Audrey Fraizer The voicemail says a lot about Michelle Funk, at least in the way Pam Funk describes her oldest daughter.

Michelle sounds spunky and somewhat hurried, as if she’s encouraging you to move on much like she did from an accident that nearly, and in its severity should have, claimed her life.

She wouldn’t let it, said Pam. “She was born with a spirit that was going to survive.”

It was 31 years ago, on June 10, 1986. Michelle and her brother were throwing pebbles into the creek that cuts through their neighborhood south of Salt Lake City. Pam was sitting in their yard directly across from where they played when, for the briefest moment, she shifted her attention to the baby’s bottle, a few steps away, inside the house.

The next moment she remembers is four-year-old Derek rushing up the lawn. He was scared. His little sister slipped off the bank and into the fast-moving water.

Pam tells the story rapidly from here.

“I ran across the street, thinking here was a chance she was along the bank. I couldn’t see her. I ran back to the house and called 911. Rescue was there in seven minutes. More people kept on coming. The whole day was the worst day of my life.”

Bells Canyon creek was turbo charged, running uncharacteristically high and fast from the winter snowmelt, with ice cold water pulsating down a slope of 1,500 feet from a fall four miles up from the neighborhood. Pam called the Bell Canyon Irrigation Company, which at that

time was a one-person gravity flow operation manually controlling water flow through a series of gates.

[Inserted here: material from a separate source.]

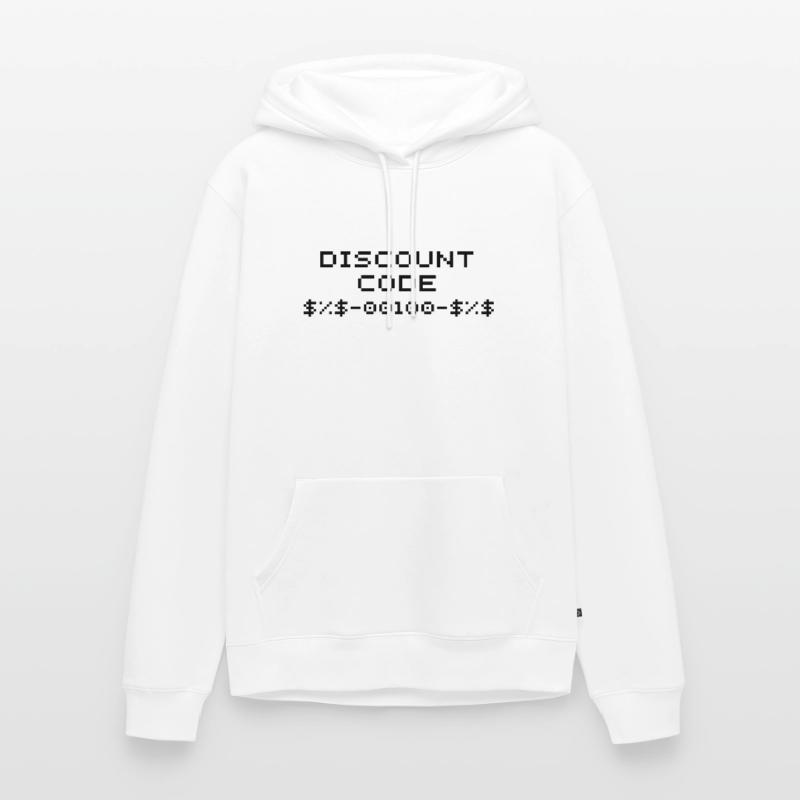Rabattcode/Rabattcode Männer Premium Bio Hoodie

“The guy in charge wouldn’t close down the flow,” she said. “A neighbor jerry-rigged it to reduce the volume of the water. Search and rescue wouldn’t go in there until the water slowed down.”

With water pressure and level down, search and rescue resumed their grim task. More than an hour had passed when a probe a deputy sheriff was using along the banks nudged a submerged rock. An arm came to the surface. It was that of a little girl’s.

Thad Moore, a volunteer search and rescue member for 10 years and a deputy with the Salt Lake County Sheriff’s Office, lifted Michelle’s body from beneath a rock and, once on shore, immediately started CPR. At about the same time, her father, Christopher Funk pulled into the driveway. A life flight helicopter would transport Michelle across valley to Primary Children’s Hospital. Pam and Christopher Funk followed in their car.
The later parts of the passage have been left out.